The social bonds that tie Merseyside Resistance together could make it hard for Lewis to leave. He says that the group has been helpful to him psychologically and that he enjoys spending time with its members. He now faces being stuck in a no-man’s-land. Because he’s not yet committed to getting jabbed, there will still be people who think he’s a misguided anti-vaxxer. And while he has friends outside the conspiracy world, if he quits Merseyside Resistance, he’ll lose the activist companions he speaks to every day.
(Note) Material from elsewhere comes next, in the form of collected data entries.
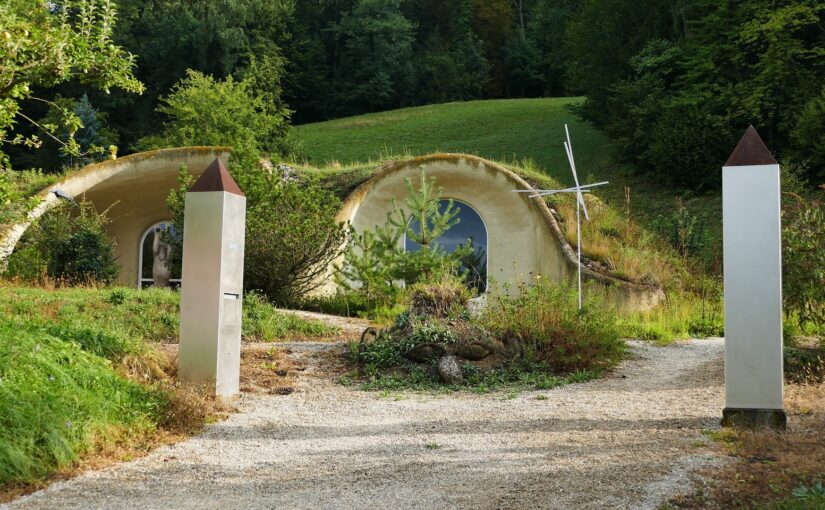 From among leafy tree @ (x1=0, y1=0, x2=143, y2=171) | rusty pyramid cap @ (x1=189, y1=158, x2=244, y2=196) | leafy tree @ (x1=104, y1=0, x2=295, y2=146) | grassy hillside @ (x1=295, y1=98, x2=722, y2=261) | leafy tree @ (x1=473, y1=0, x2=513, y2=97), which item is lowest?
rusty pyramid cap @ (x1=189, y1=158, x2=244, y2=196)

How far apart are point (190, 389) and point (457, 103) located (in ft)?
116

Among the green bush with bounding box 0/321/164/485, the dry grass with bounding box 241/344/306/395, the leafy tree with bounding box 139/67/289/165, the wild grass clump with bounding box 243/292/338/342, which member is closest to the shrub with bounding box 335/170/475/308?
the wild grass clump with bounding box 243/292/338/342

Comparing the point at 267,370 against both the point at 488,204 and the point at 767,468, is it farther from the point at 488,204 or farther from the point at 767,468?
the point at 488,204

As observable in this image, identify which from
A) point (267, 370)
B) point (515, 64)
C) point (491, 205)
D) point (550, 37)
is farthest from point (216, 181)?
point (515, 64)

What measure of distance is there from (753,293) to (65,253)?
1364 cm

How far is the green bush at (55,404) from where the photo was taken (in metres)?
4.78

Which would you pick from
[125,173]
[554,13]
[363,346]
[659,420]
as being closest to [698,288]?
[363,346]

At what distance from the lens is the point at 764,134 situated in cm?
2450

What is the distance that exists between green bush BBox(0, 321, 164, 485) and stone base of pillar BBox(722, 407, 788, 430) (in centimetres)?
417

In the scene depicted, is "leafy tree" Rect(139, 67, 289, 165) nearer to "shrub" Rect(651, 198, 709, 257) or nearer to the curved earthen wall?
the curved earthen wall

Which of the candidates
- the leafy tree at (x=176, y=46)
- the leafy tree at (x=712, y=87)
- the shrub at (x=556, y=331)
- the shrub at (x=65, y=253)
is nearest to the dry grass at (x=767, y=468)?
the shrub at (x=556, y=331)

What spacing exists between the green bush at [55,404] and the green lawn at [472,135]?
68.8ft

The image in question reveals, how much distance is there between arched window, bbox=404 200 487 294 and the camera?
1838 cm

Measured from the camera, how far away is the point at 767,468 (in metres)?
4.68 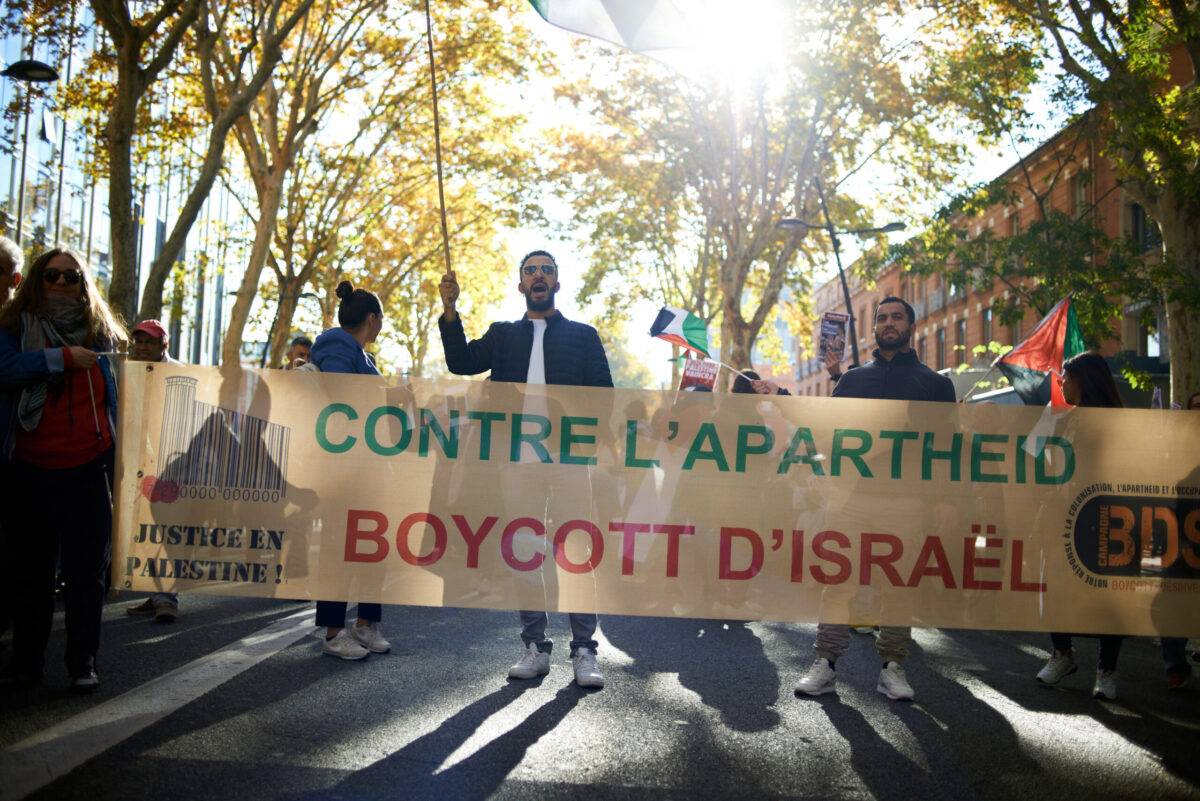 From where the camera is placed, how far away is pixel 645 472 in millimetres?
5582

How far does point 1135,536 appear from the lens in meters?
5.48

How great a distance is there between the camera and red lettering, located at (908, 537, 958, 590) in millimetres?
5484

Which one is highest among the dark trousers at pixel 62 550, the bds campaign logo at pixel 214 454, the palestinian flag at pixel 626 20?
the palestinian flag at pixel 626 20

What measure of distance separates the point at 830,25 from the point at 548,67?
4630 millimetres

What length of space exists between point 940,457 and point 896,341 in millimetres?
1080

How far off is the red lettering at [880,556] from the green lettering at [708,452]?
677mm

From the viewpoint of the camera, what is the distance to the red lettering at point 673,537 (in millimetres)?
5496

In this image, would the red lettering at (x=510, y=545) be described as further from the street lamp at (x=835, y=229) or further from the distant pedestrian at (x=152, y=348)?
the street lamp at (x=835, y=229)

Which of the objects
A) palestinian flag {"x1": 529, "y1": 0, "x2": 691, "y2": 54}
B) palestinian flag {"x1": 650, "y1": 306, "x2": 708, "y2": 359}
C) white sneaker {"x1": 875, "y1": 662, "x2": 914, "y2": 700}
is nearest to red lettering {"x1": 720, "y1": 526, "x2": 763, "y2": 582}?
white sneaker {"x1": 875, "y1": 662, "x2": 914, "y2": 700}

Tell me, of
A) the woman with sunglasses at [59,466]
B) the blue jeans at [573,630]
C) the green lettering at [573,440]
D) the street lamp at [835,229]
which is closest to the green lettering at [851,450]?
the green lettering at [573,440]

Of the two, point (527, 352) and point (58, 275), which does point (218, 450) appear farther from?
point (527, 352)

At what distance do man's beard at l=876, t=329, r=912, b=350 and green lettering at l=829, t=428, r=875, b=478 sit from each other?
1.05 metres

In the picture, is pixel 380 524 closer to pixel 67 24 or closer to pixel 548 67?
pixel 67 24

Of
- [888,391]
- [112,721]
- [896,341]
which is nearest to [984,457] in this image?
[888,391] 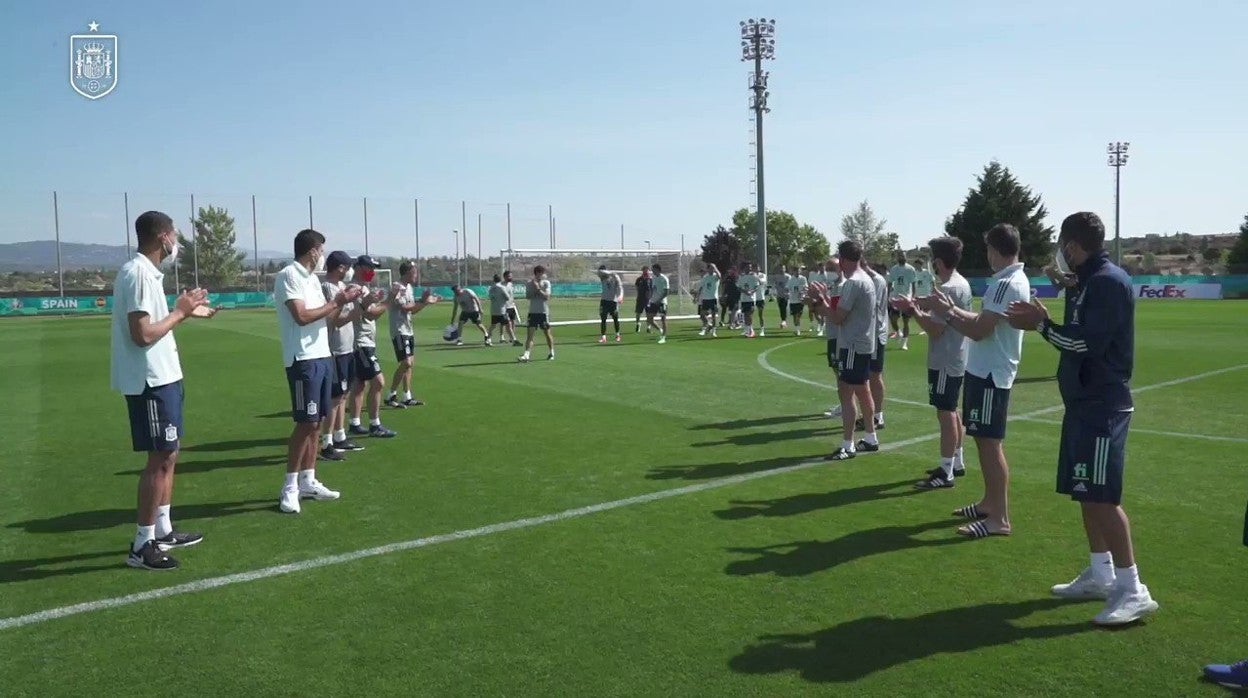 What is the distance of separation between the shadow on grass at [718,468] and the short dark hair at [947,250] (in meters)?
2.52

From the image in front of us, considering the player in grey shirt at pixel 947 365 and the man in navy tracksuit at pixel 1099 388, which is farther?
the player in grey shirt at pixel 947 365

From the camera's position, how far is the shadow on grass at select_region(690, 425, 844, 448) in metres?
9.70

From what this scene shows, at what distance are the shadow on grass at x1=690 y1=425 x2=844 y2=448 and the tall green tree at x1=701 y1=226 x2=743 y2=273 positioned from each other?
2066 inches

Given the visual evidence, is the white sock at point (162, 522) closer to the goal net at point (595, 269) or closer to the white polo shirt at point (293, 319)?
the white polo shirt at point (293, 319)

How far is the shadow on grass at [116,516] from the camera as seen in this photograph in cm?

The last we see of each other on the afternoon of the protest is on Castle Street. Hundreds of people are streaming past us chanting about resistance, defiance, and non-compliance. Whenever a car beeps its horn, the crowd cheers. If someone walks past wearing a face mask, the protesters shout at them to take it off. A QAnon sign flashes ahead, warning of a coming storm. We say goodbye, and Lewis rejoins the march as it heads to the docks. When we next speak, I ask if he would ever push the self-detonate button on Merseyside Resistance? “If it got out of hand,” he says. “If everyone got completely suckered into extremist views and they were willing to take action on those views and I couldn’t stop them.” He pauses. “But I don’t think that’s going to happen.”